[Source data]

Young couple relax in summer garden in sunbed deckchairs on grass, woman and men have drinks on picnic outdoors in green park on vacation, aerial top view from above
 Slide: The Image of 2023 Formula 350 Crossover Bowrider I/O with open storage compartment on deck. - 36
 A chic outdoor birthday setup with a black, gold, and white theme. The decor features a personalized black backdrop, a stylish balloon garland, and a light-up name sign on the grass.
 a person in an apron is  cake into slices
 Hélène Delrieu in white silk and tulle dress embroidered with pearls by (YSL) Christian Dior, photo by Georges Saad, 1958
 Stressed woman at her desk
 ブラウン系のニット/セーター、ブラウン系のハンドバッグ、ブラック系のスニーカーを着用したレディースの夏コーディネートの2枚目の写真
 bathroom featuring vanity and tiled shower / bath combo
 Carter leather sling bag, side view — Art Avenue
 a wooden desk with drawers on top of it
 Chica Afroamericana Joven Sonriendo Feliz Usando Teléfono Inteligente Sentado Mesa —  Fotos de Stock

= WORK TO COMPLETE =
From the line containing "a person in" to the final line of the entries, print every line exactly and nothing else.

= YOUR SOLUTION =
 a person in an apron is  cake into slices
 Hélène Delrieu in white silk and tulle dress embroidered with pearls by (YSL) Christian Dior, photo by Georges Saad, 1958
 Stressed woman at her desk
 ブラウン系のニット/セーター、ブラウン系のハンドバッグ、ブラック系のスニーカーを着用したレディースの夏コーディネートの2枚目の写真
 bathroom featuring vanity and tiled shower / bath combo
 Carter leather sling bag, side view — Art Avenue
 a wooden desk with drawers on top of it
 Chica Afroamericana Joven Sonriendo Feliz Usando Teléfono Inteligente Sentado Mesa —  Fotos de Stock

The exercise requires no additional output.